CatalogueOfLife / data

Repository for COL content
8 stars 2 forks source link

Inconsistencies in World Plants data and representation of hybrid taxa #398

Open Australis86 opened 2 years ago

Australis86 commented 2 years ago

Describe the problem: The Darwin Core Archive exports for the Amaranthus genus (and likewise the COL webpages) do not indicate that some of the taxa are hybrid taxa except by the hybrid symbol in the scientificName. The taxonRank is given as species, rather than nothospecies, and the taxonRemarks field (which usually includes a note to say "Hybrid taxon" and the parentage, if available) are empty. Looking at the upstream datasource, the parentage is given for at least one of the hybrid taxa (Amaranthus ozanonii).
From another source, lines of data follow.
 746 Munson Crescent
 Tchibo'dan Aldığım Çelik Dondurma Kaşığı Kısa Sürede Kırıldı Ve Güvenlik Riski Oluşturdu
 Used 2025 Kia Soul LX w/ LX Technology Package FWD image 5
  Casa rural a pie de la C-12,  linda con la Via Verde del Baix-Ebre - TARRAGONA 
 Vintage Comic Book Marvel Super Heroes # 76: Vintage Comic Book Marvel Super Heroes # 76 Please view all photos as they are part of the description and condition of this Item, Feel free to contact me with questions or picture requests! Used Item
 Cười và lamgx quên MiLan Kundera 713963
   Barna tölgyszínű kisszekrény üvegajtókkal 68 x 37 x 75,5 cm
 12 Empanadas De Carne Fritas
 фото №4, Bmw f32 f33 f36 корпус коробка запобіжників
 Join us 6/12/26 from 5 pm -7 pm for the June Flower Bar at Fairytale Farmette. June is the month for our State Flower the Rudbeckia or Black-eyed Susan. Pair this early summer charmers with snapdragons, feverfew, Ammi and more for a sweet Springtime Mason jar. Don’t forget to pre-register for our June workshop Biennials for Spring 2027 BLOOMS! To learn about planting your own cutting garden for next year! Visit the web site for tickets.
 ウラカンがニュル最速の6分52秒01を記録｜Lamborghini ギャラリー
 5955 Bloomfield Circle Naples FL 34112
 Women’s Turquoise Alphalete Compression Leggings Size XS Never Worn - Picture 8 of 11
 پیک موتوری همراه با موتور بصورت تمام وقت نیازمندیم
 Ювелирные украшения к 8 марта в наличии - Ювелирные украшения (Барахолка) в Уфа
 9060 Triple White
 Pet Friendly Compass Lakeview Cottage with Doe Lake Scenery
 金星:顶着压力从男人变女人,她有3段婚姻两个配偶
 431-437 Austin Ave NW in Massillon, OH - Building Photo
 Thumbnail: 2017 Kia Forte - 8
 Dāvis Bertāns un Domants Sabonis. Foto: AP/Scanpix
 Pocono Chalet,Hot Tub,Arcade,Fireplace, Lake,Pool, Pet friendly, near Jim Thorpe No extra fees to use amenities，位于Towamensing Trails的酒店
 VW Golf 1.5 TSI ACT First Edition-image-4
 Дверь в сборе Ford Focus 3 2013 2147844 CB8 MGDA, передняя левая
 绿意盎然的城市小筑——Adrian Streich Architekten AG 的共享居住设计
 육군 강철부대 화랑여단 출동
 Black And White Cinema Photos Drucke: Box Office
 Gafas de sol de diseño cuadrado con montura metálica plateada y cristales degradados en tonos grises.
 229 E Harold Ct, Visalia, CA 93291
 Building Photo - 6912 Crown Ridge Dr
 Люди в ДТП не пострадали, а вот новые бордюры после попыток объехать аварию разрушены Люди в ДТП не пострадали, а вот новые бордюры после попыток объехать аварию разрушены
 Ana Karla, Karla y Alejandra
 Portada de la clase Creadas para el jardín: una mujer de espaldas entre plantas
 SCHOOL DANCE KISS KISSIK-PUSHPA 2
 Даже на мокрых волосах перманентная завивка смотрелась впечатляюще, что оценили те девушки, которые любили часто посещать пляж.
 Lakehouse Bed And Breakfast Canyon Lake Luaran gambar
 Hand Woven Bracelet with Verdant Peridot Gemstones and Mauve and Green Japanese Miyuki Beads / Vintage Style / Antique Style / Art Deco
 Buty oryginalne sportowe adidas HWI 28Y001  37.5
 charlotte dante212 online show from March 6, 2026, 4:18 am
The inclusion of the hybrid symbol makes searching for these entries via the API difficult, as most other genera (e.g. Cymbidium from KEW WCSP) do not include this. I'd much prefer if the representation of natural hybrids was kept consistent by excluding the use of the hybrid symbol, correctly setting the rank and including the parentage where available in the taxon remarks. This makes it much easier to work with the dataset and the API.

Link to effected CoL webpages: https://www.catalogueoflife.org/data/taxon/84JPQ

mdoering commented 2 years ago

Hybrid taxa are represented in 2 different ways in ChecklistBank. If they are hybrid formulas we do not parse them and instead keep the entire formula in the scientificName and indicate this by setting Name.type=HYBRID.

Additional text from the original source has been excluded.